RECORDS FOR THE EXERCISE —

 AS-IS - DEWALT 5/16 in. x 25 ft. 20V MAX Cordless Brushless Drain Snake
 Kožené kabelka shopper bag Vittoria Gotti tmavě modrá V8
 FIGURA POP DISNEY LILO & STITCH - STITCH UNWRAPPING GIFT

* * *

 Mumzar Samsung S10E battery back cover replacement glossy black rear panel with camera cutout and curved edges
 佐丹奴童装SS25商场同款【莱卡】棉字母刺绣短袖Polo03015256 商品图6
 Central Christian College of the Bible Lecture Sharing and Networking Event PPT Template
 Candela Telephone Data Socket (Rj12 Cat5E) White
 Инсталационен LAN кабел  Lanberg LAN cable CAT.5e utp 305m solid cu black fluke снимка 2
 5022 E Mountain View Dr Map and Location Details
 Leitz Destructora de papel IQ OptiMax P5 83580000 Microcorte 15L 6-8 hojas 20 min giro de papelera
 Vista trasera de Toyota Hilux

---

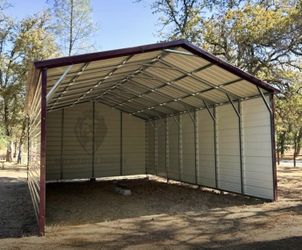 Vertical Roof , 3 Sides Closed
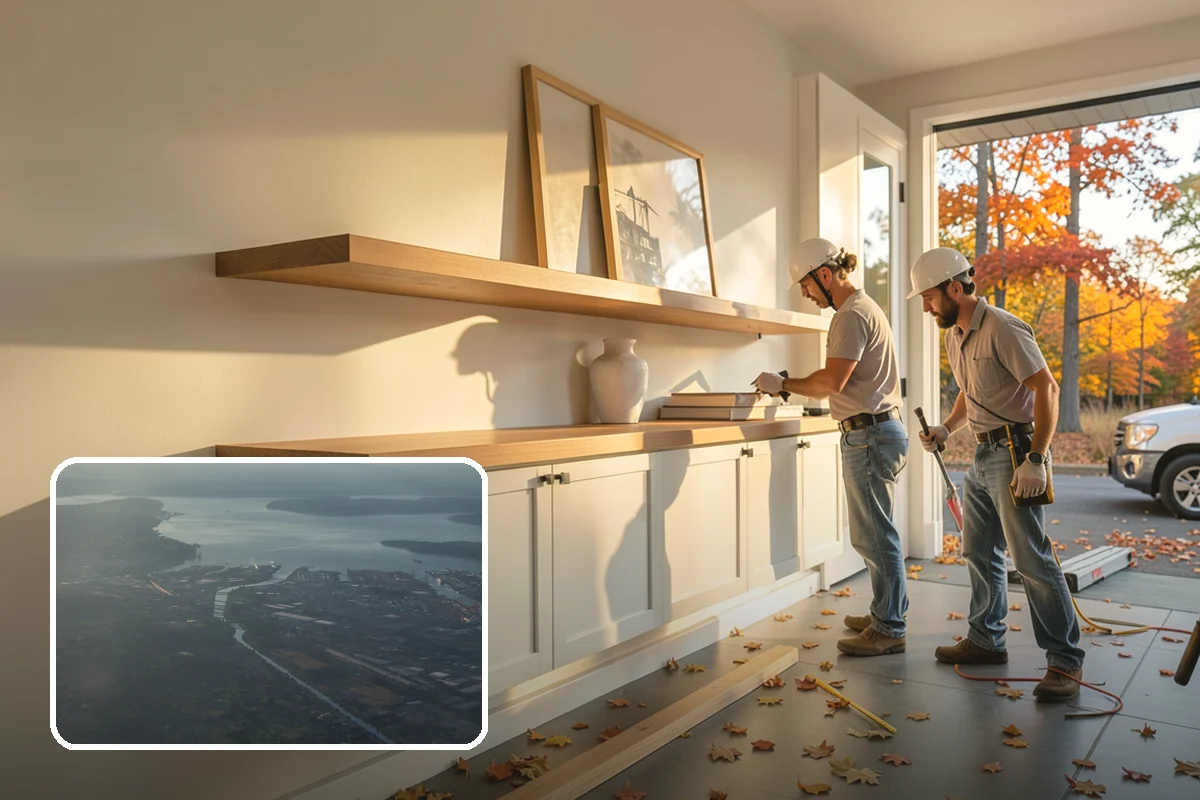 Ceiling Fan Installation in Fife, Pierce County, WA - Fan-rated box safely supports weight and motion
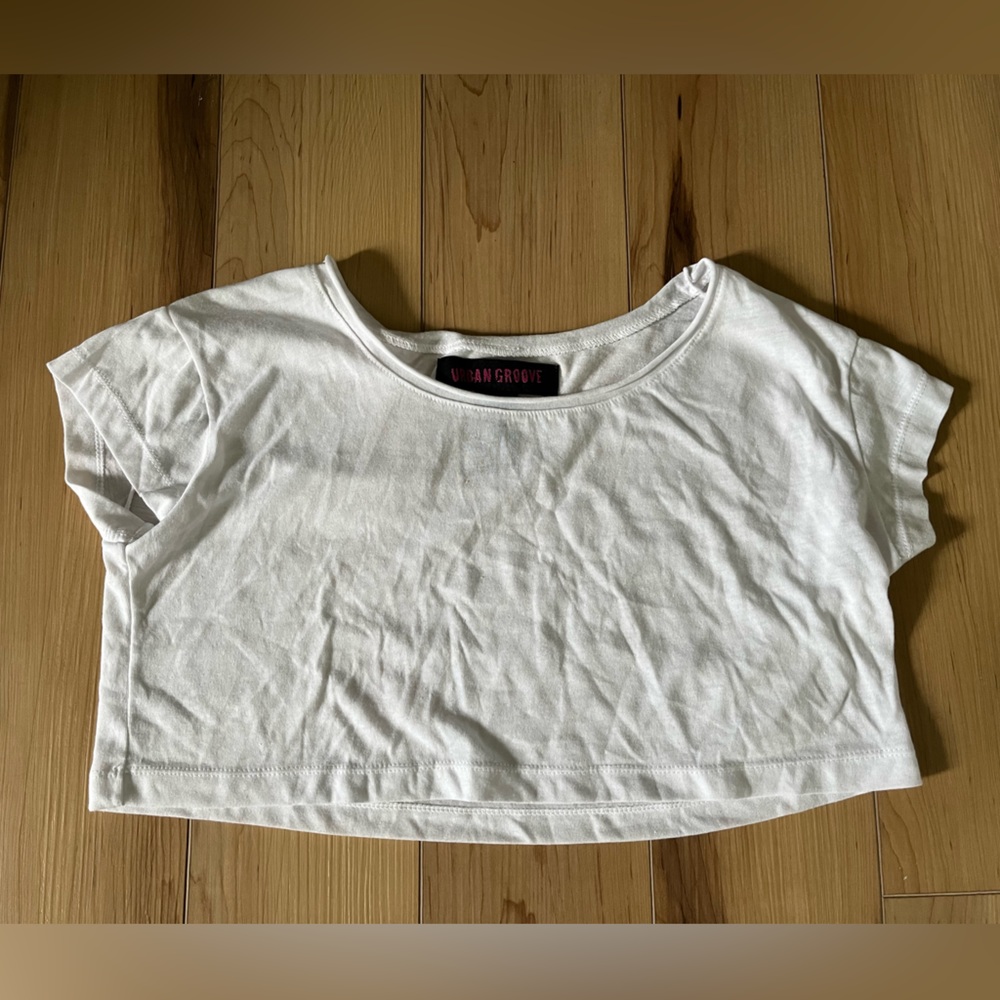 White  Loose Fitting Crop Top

REQUIREMENT —
Word for word, restate the lines above from the one with "Ceiling Fan Installation" through the one with "Fitting Crop Top", keeping both ends and dropping the pictures.

EXERCISE RESULT —
 Ceiling Fan Installation in Fife, Pierce County, WA - Fan-rated box safely supports weight and motion
 White  Loose Fitting Crop Top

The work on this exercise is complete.